:: What the exercise asks ::
Copying task for the records below: reproduce each one exactly and drop the pictures.

:: Source information ::
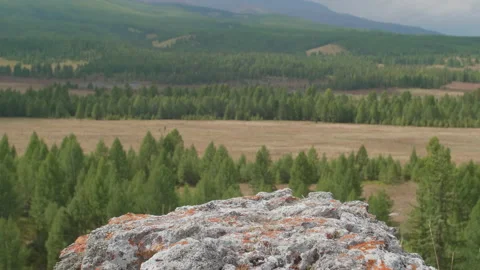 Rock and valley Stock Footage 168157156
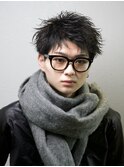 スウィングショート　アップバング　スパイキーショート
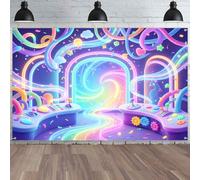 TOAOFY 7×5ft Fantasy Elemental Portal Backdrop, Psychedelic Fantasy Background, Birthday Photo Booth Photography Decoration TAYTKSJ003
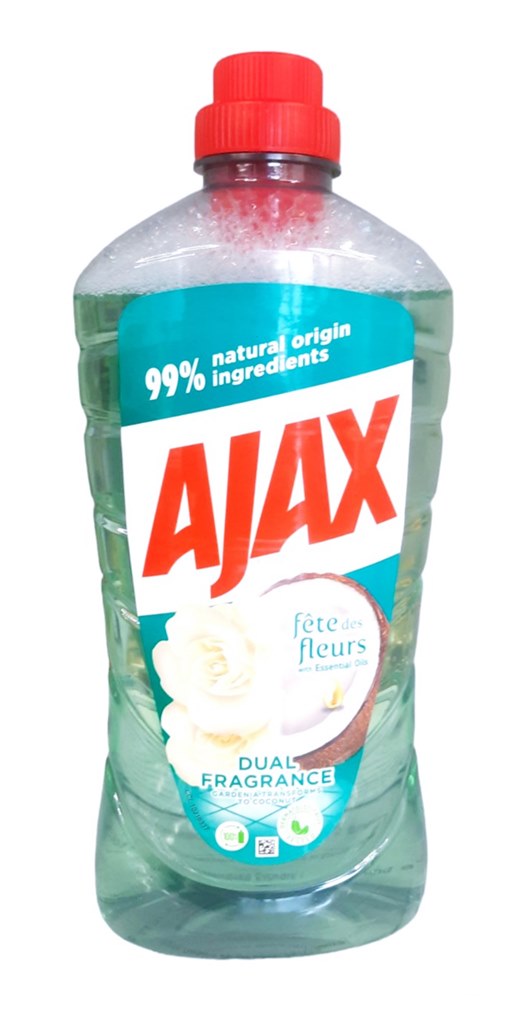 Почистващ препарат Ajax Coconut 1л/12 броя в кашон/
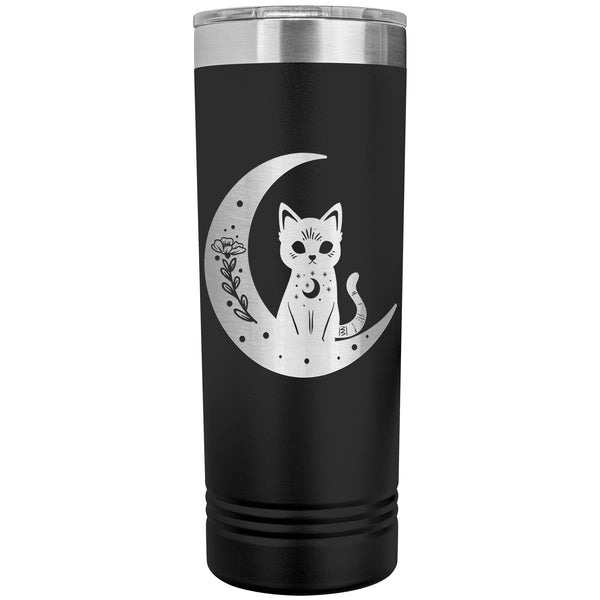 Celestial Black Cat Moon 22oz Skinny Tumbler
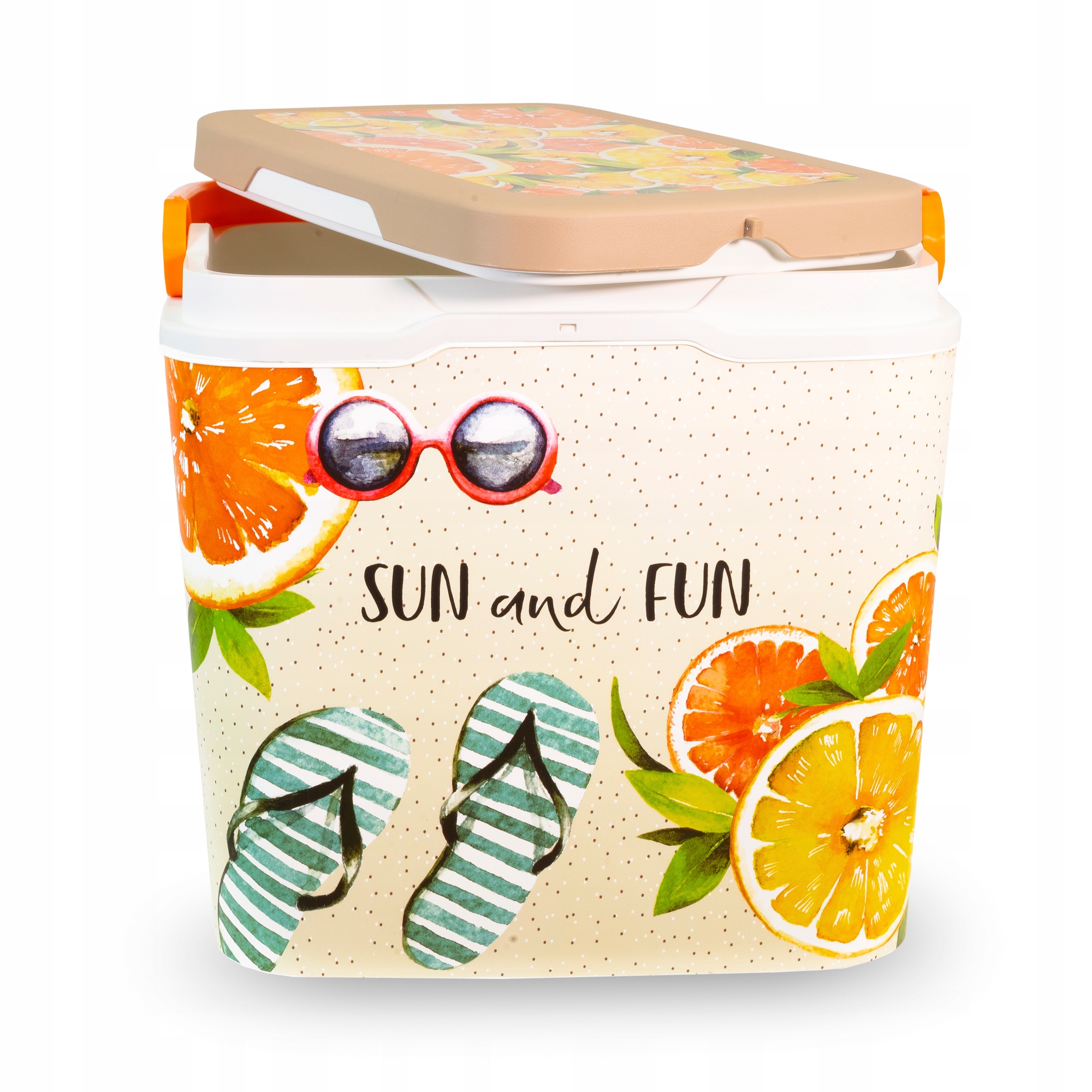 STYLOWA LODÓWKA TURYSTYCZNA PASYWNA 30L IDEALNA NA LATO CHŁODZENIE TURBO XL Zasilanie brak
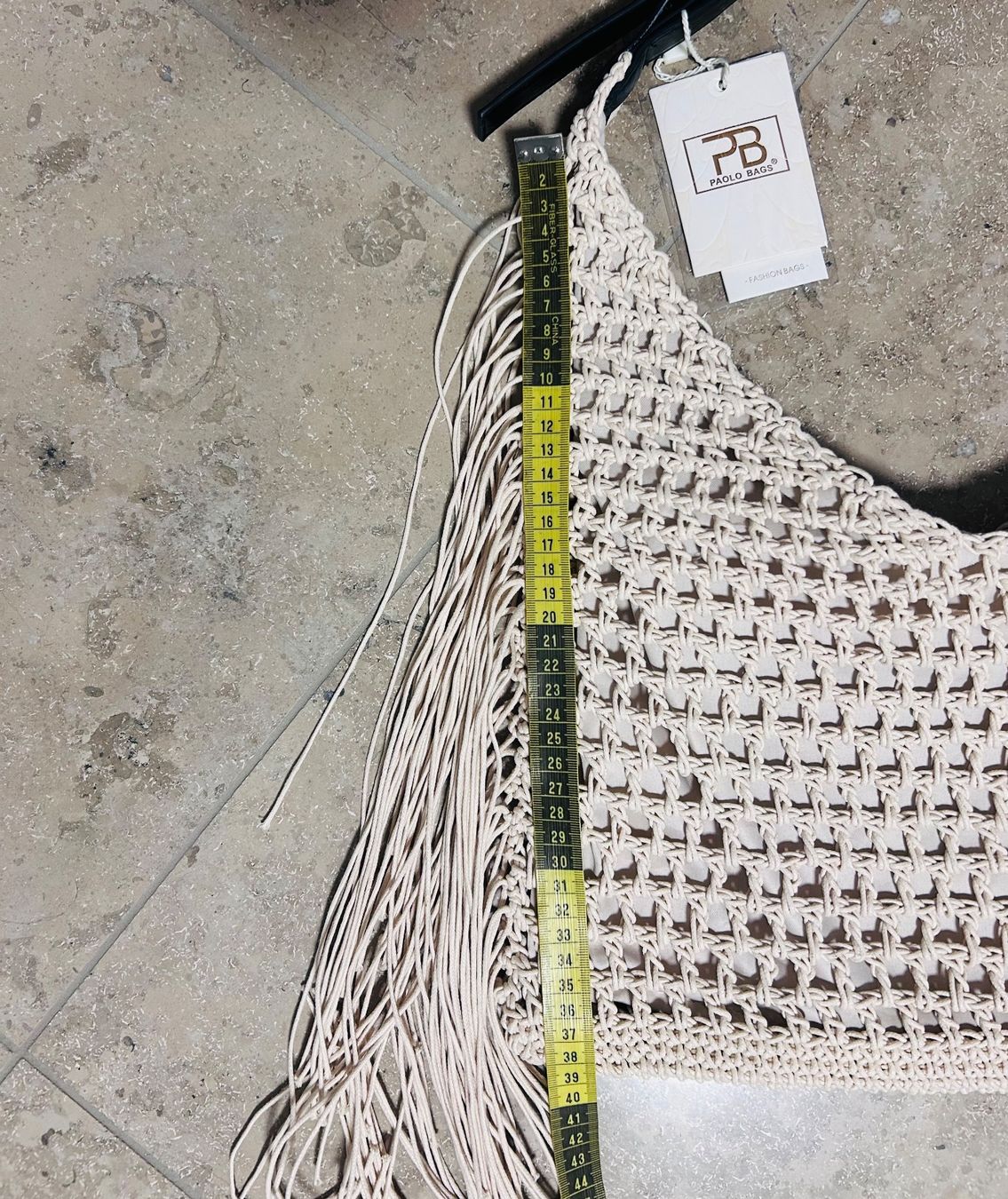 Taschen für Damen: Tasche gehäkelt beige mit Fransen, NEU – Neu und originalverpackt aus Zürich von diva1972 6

:: Task result ::
 Rock and valley Stock Footage 168157156
 スウィングショート　アップバング　スパイキーショート
 TOAOFY 7×5ft Fantasy Elemental Portal Backdrop, Psychedelic Fantasy Background, Birthday Photo Booth Photography Decoration TAYTKSJ003
 Почистващ препарат Ajax Coconut 1л/12 броя в кашон/
 Celestial Black Cat Moon 22oz Skinny Tumbler
 STYLOWA LODÓWKA TURYSTYCZNA PASYWNA 30L IDEALNA NA LATO CHŁODZENIE TURBO XL Zasilanie brak
 Taschen für Damen: Tasche gehäkelt beige mit Fransen, NEU – Neu und originalverpackt aus Zürich von diva1972 6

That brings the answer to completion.